■ **Data in this exercise**:
Segment Open

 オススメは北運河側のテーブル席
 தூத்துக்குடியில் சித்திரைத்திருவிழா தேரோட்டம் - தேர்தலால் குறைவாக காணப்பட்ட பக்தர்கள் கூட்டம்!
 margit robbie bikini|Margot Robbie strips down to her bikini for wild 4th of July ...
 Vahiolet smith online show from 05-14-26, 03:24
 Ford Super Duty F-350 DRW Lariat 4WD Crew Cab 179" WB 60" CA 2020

Segment Closed
Segment Open

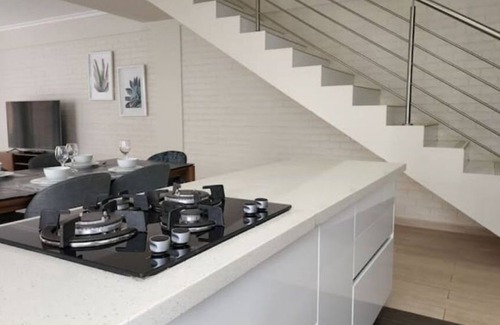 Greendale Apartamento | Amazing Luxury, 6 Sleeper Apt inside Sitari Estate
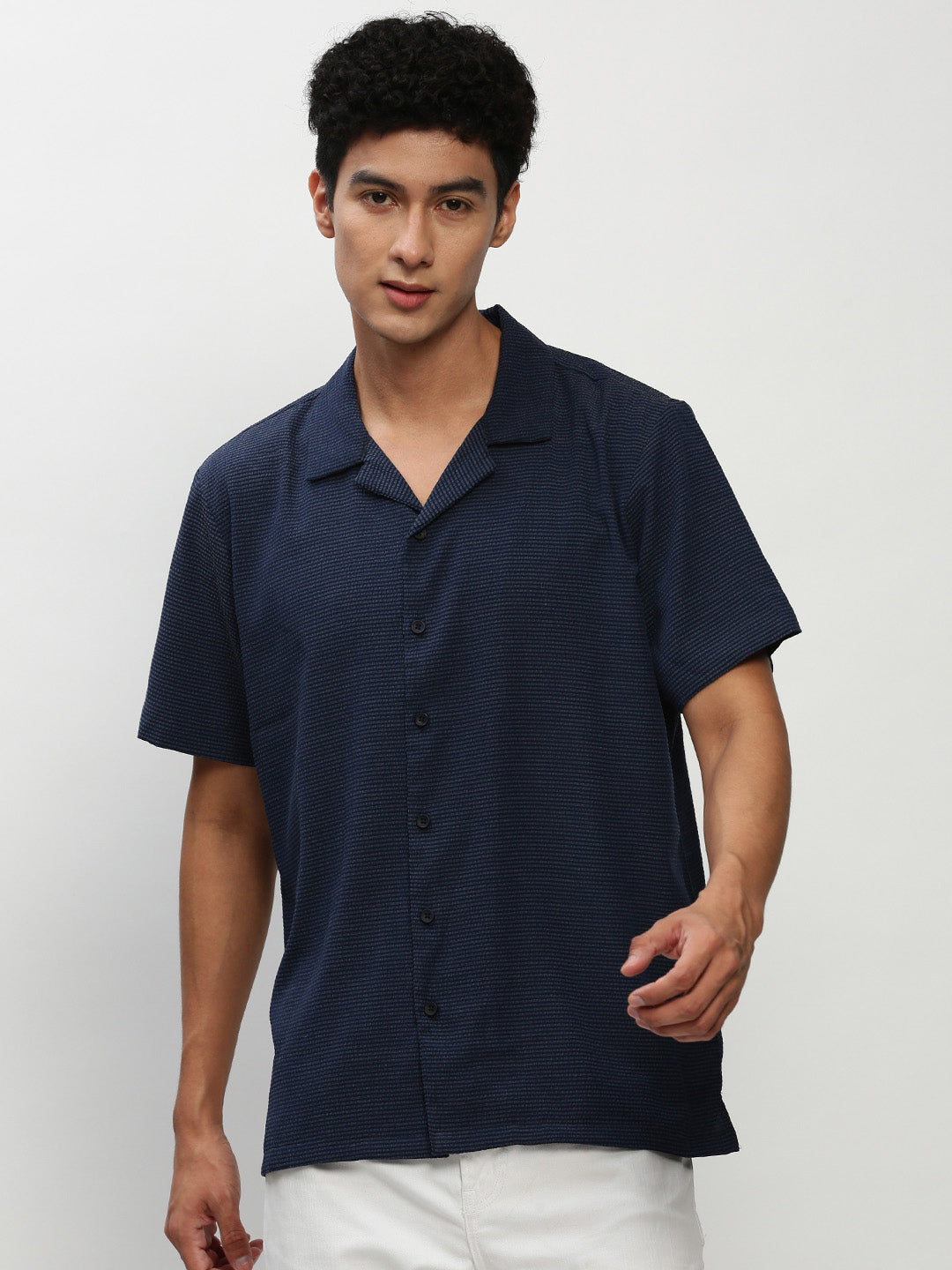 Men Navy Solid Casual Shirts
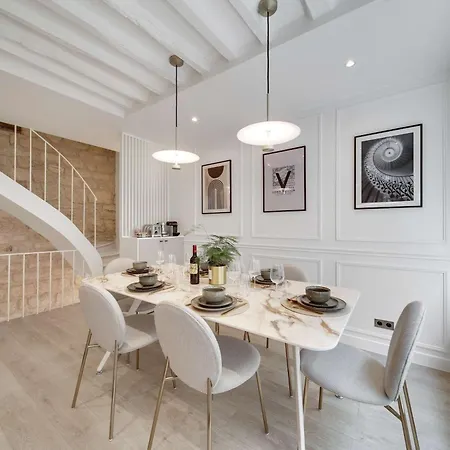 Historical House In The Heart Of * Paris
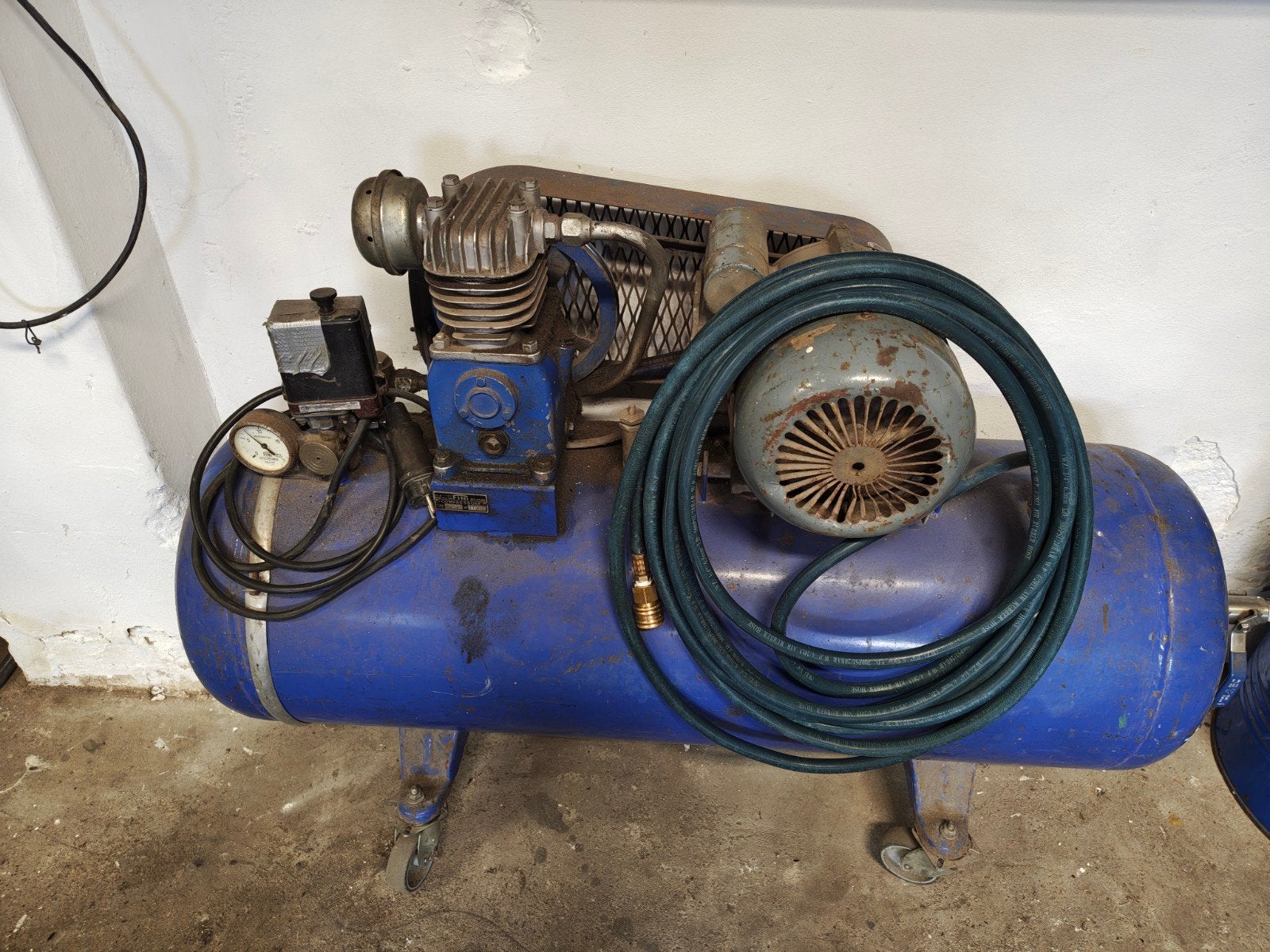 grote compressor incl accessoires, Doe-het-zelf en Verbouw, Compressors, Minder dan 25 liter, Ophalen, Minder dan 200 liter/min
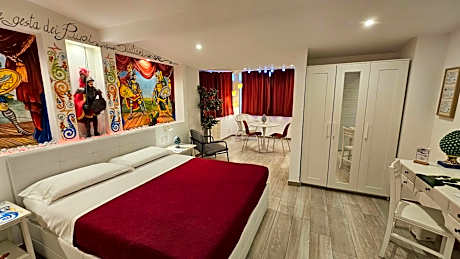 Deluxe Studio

Segment Closed

■ **Exercise brief**:
From the material above, copy exactly the lines between the line holding "オススメは北運河側のテーブル席" and the line holding "Ford Super Duty", inclusive, and only those.

■ **Reply**:
 オススメは北運河側のテーブル席
 தூத்துக்குடியில் சித்திரைத்திருவிழா தேரோட்டம் - தேர்தலால் குறைவாக காணப்பட்ட பக்தர்கள் கூட்டம்!
 margit robbie bikini|Margot Robbie strips down to her bikini for wild 4th of July ...
 Vahiolet smith online show from 05-14-26, 03:24
 Ford Super Duty F-350 DRW Lariat 4WD Crew Cab 179" WB 60" CA 2020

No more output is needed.